Una campaña política y una reforma electoral
Esta primera semana de marzo del 2016 resulta de especial interés, tanto en Panamá como en Estados Unidos, porque se tomarán decisiones políticas de relevancia para escoger los futuros gobernantes en ambos países. En cada caso, los ciudadanos queremos que sean los mejores. Al momento de redactar estas reflexiones no conocemos los resultados del ‘Supermartes', como se le denomina a sendas primarias celebradas en un mismo día en varios estados de la Unión, que tienden a definir una candidatura presidencial entre varios aspirantes; ni tampoco conocemos las reales intenciones con que se iniciará formalmente el primer debate de las reformas electorales propuestas por la CNRE, ya salvado el período preliminar de consultas públicas. Pero, desde ahora y en buena medida, ambas circunstancias encauzarán el resultado de nuestras respectivas próximas elecciones.
Nos interesa la campaña en Estados Unidos —donde uno(a) de cuatro señores y una señora será su próximo(a) mandatario(a)— por nuestras estrechas relaciones históricas y nuestras actuales relaciones de toda índole. Vemos una campaña que nos resulta familiar: atractivas promesas electorales poco realizables, campañas negativas y ataques personales. Además, ya el propio presidente Obama alertó sobre la excesiva influencia del dinero privado sobre campañas y candidaturas, aportado a través de las PACs.
Promesas recurrentes abundan, pero parecen ignorar que la mayoría son irrealizables sin anuencia del legislativo. Prometen reformar un sistema impositivo complicado; unos eliminarían el impuesto a los asalariados; otros establecerían un impuesto único a todas las rentas, gravando solo ingresos originados dentro del país, igual que Panamá, al cual entonces tildan de paraíso fiscal. Unos proponen rebajar el impuesto a grandes contribuyentes para que así surjan recursos que serían eficientemente distribuidos en el curso normal de más negocios privados; otros proponen lo contrario, aumentando la carga impositiva de los más ricos para que el Gobierno pueda reforzar sus programas sociales. Una promete subir el salario mínimo; otro promete educación menos costosa. Uno prometía reparar todas las carreteras del país; otro, construir un muro en la frontera sur para impedir la entrada de inmigrantes; otro asegura que esas personas son necesarias en labores rechazadas por los nacionales. Todos alegan preocuparse por las desigualdades.

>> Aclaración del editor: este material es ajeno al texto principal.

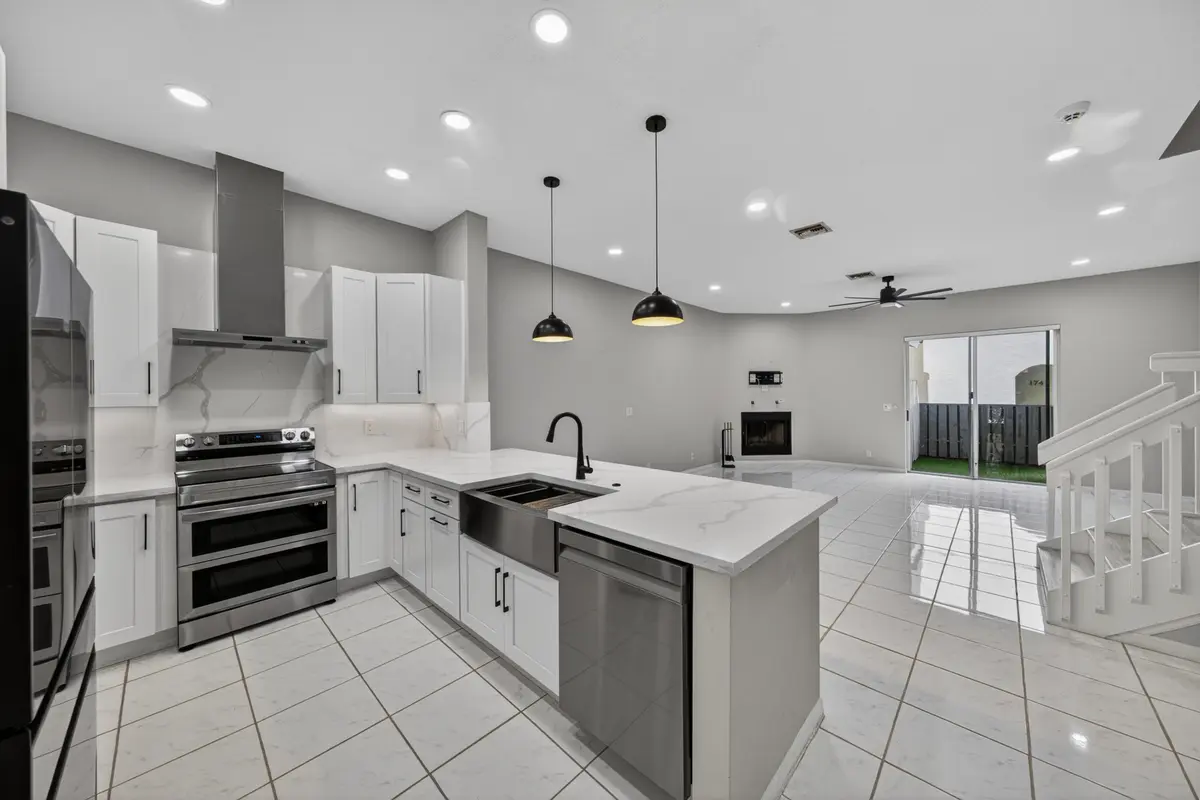 villarroel-6 at 835 NE 17th Way, Fort Lauderdale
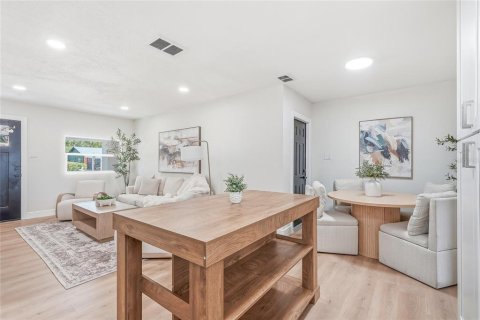 Villa ou maison à vendre à Tampa, Floride: 3 chambres, 93.37 m2 № 2396816 - photo 10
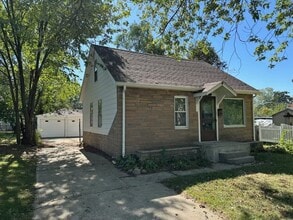 24117 Eton Ave in Dearborn Heights, MI - Building Photo - Building Photo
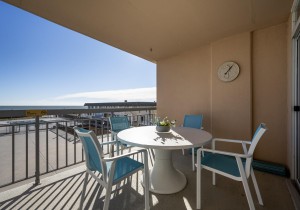 fountainhead303-2-balcony.jpg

Entre debates, se lanzan dardos personales. Uno, acusado como experto en quebrar empresas; otra, que inspira desconfianza porque, siendo ministra, utilizó correos electrónicos personales para tratar asuntos gubernamentales; otro, un fanático religioso que votó a favor de una ley pero ahora se contradice; otro, un neófito que no ha sabido manejar bien sus cuentas personales; otro, un peligroso ‘socialista'. Etcétera.
Si ese ambiente es inevitable en todas las campañas electorales, al menos las reformas propuestas a nuestra Asamblea deberían adoptar medidas que mitigasen desmanes parecidos que malograsen el ambiente electoral; solo así el elector podría formarse, en la tranquilidad de su conciencia, una opinión válida sobre la real capacidad, la honestidad y la trayectoria del candidato.
Todos los seres humanos, como animales políticos, somos muy parecidos, no importa si se trata de un país desarrollado, o uno emergente como el nuestro. Las ambiciones personales de los políticos, sanas o egoístas, son similares; el dilema consiste en el sano deseo de hacer el bien, o la intención egoísta de beneficiarse personalmente o de favorecer a una elite. Las exageradas promesas electorales y los ataques personales son calcados, difíciles de erradicar: ‘la pelea es peleando' sigue el libreto conocido.
Pero también es parte de nuestra naturaleza intentar siempre cultivar las buenas prácticas que apuntalen lo correcto en todas nuestras relaciones. En ambos países esta primera semana de marzo del 2016 marcará un hito en esa dirección.